* _What the task requires_
In the records below, begin at the line containing "Orange jaipuri embroidered" and end at the line containing "Durham man arrested"; quote every line in that span exactly, including both boundary lines, and no others.

* _Dataset excerpts_
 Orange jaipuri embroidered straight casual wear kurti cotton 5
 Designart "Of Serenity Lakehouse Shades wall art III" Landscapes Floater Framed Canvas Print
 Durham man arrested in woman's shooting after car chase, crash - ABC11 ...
---
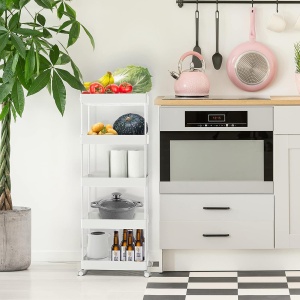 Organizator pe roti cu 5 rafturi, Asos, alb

* _Output_
 Orange jaipuri embroidered straight casual wear kurti cotton 5
 Designart "Of Serenity Lakehouse Shades wall art III" Landscapes Floater Framed Canvas Print
 Durham man arrested in woman's shooting after car chase, crash - ABC11 ...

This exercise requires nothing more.